*ACTION ITEM*.
Of the entries below, repeat exactly only those lines from the one containing "Vista preliminar de" through the last line, with pictures omitted.

*DATA EXCERPTS*.
::::::::::

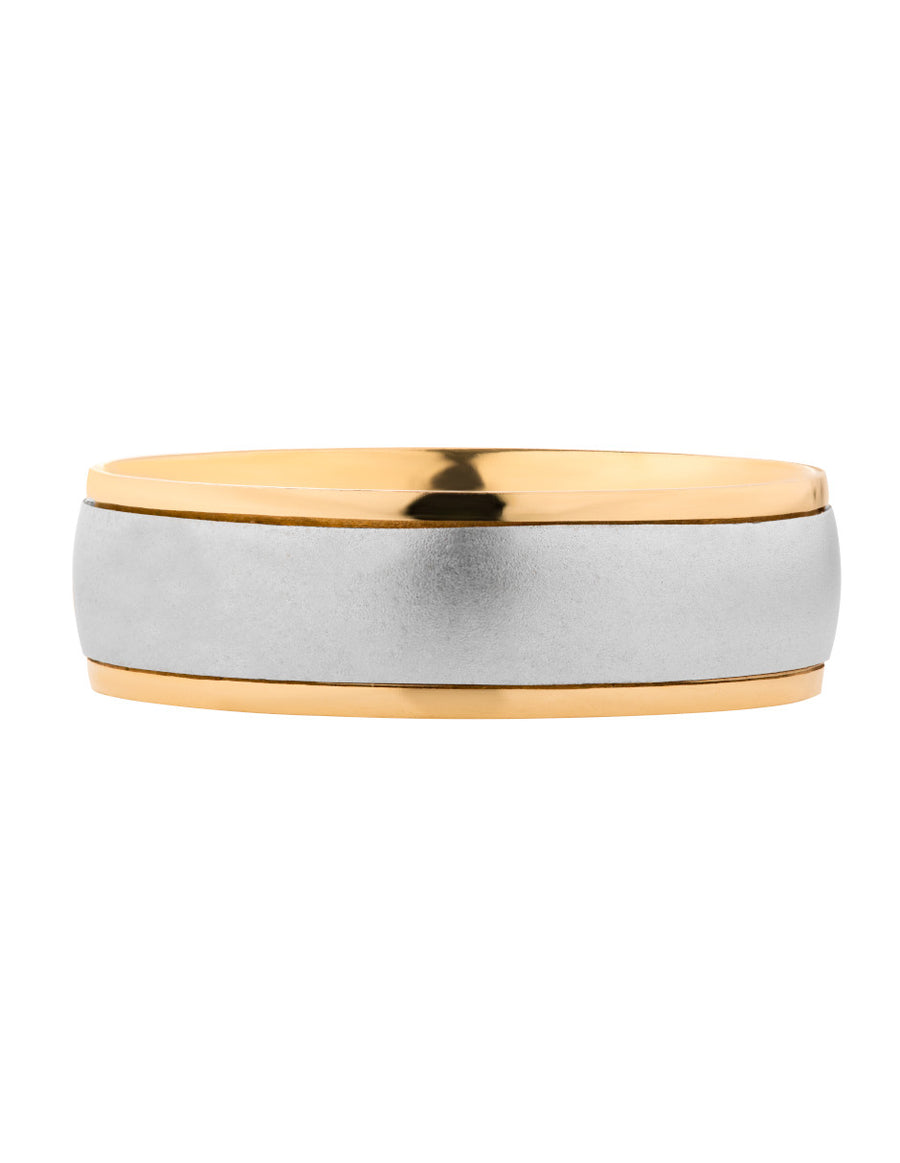 ARGOLLA DE MATRIMONIO DE ORO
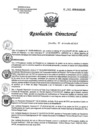 Vista preliminar de documento RD 182-2018-SA-DG-INR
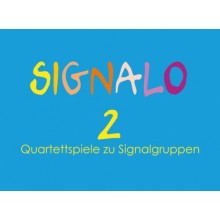 Signalo – Teil 1 - Quartett zum Signalgruppentraining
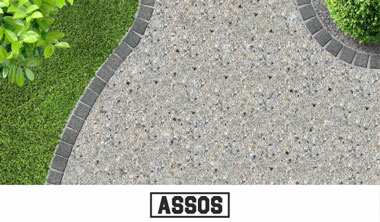 Assos – ideal für Renovierungen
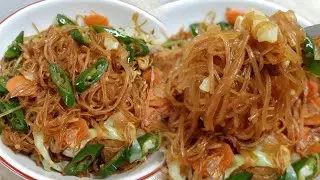 MASAK SOUN GORENG CABE HIJAU | JADIKAN CEMILAN ATAU LAUK SAMA SAMA ENAK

::::::::::

*OUTPUT FOR THIS TASK*.
 Vista preliminar de documento RD 182-2018-SA-DG-INR
 Signalo – Teil 1 - Quartett zum Signalgruppentraining
 Assos – ideal für Renovierungen
 MASAK SOUN GORENG CABE HIJAU | JADIKAN CEMILAN ATAU LAUK SAMA SAMA ENAK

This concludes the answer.